▶ [How to complete this task] Could you return the lines below exactly, from the first line up to and including the line that holds "Women's Cutter &"?

▶ [Source material]
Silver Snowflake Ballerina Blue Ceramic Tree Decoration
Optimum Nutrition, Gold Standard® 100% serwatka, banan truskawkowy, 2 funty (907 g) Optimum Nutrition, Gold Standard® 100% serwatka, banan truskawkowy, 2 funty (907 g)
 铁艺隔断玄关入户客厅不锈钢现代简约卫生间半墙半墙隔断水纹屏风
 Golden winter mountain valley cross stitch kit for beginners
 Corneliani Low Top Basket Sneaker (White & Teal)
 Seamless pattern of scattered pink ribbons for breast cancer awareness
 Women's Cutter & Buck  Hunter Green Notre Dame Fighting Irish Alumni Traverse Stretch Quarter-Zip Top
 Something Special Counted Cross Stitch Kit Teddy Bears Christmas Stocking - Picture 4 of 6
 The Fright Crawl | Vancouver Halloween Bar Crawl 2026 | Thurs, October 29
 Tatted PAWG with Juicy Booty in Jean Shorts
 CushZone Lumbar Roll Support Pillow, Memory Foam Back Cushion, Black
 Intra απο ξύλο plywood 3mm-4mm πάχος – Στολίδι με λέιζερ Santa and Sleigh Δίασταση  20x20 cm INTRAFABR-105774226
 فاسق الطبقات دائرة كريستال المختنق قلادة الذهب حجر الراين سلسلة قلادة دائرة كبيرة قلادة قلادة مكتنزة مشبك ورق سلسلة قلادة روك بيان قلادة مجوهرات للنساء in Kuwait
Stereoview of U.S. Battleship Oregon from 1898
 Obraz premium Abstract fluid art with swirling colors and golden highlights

▶ [Answer box]
Silver Snowflake Ballerina Blue Ceramic Tree Decoration
Optimum Nutrition, Gold Standard® 100% serwatka, banan truskawkowy, 2 funty (907 g) Optimum Nutrition, Gold Standard® 100% serwatka, banan truskawkowy, 2 funty (907 g)
 铁艺隔断玄关入户客厅不锈钢现代简约卫生间半墙半墙隔断水纹屏风
 Golden winter mountain valley cross stitch kit for beginners
 Corneliani Low Top Basket Sneaker (White & Teal)
 Seamless pattern of scattered pink ribbons for breast cancer awareness
 Women's Cutter & Buck  Hunter Green Notre Dame Fighting Irish Alumni Traverse Stretch Quarter-Zip Top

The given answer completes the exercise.